An urgent message was sent to Harry who had returned to London a few weeks earlier. When he arrived in Lynford the following day, Michael Dwane was shocked by the change in his appearance. Gaunt and skeletally thin, Harry was weak, tired and fatigued, and frequently overcome by spasms of coughing. ‘I got here all safe,’ he wrote to Kitty that evening, ‘not too tired and did not cough at all really … Madame is better, not all there but she knew me and is most affectionate. Kissed me over and over again and wouldn’t release my hand. I stayed till she dozed off.’
The doctor talked of ‘suffusion of blood on the brain’, probably a stroke or a haemorrhage. ‘Marie never leaves her,’ Harry continued, ‘and is very devoted, in fact too much so.’ The distraught lady’s maid was waking Yolande up every few minutes to thrust a crucifix in her face, ‘giving her no peace and not letting her sleep. Madame has received the last sacraments and seems to know she is dying and is quiet and resigned and grateful for the attention.’

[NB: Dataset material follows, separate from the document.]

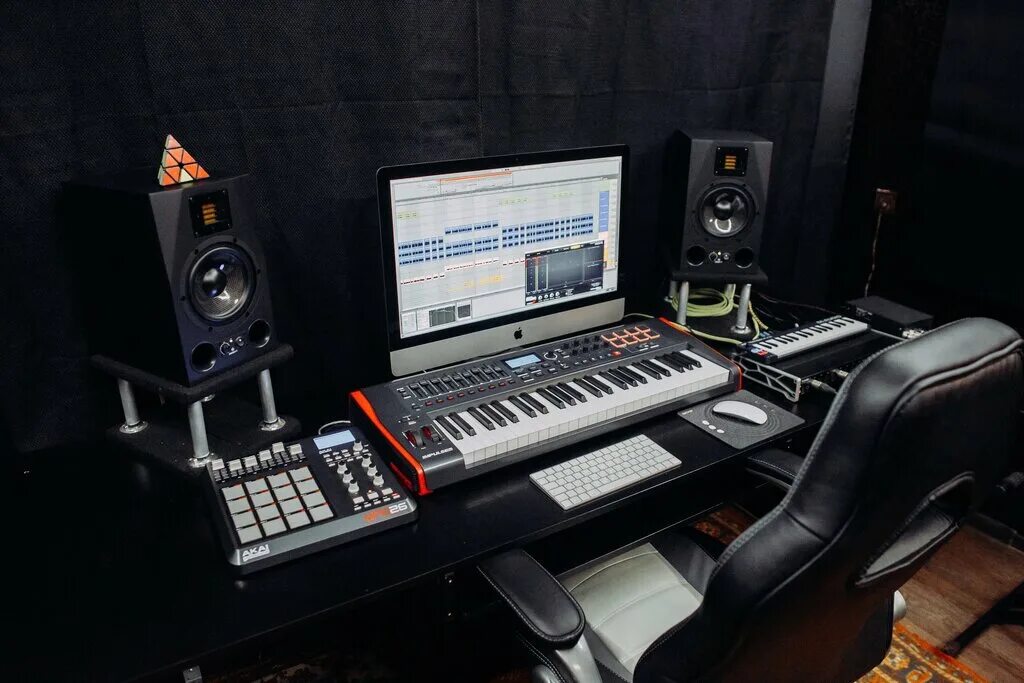 студия звукозаписи нижний. звукозапись в нижнем новгороде. звуковая кабинка. студия звукозаписи нижний новгород. маршал студии звукозаписи.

The last rites had been performed by Christopher Scott who was summoned from Cambridge on the morning of the 16th. When the ritual was over, he rose from his knees and stood at the bedroom window:
From her room, I looked abroad upon the view without, the spacious gardens on the terrace, with their winding well-kept walks, flowers of every hue, the marble statues, the flowing waters beyond, the long stretches of stately trees shutting in the princely mansion from the world outside; the summer sun … shining upon the whole in all its glory, the soothing notes of a solitary dove the only sound which broke the stillness … a scene of peace and entrancing beauty … I have said the only sound was the song of a solitary bird, but there was another, the laboured breathing of her to whom all that fair scene belonged, now lonely indeed, separated from friends, now to complete the sacrifice, and herself to quit all.2
Yolande rallied during the night of the 18th. ‘Madame is decidedly better,’ Harry wrote the following day:
Her pulse is stronger and she is taking nourishment, chicken broth, calf’s foot jelly with brandy in it, and champagne. All this naturally, besides two injections of six ounces of beef tea. It is really marvellous how she has rallied. She kicked up a row last night at being changed – quite like old times – and astonished the nurses by her strength. She talked to me for some time.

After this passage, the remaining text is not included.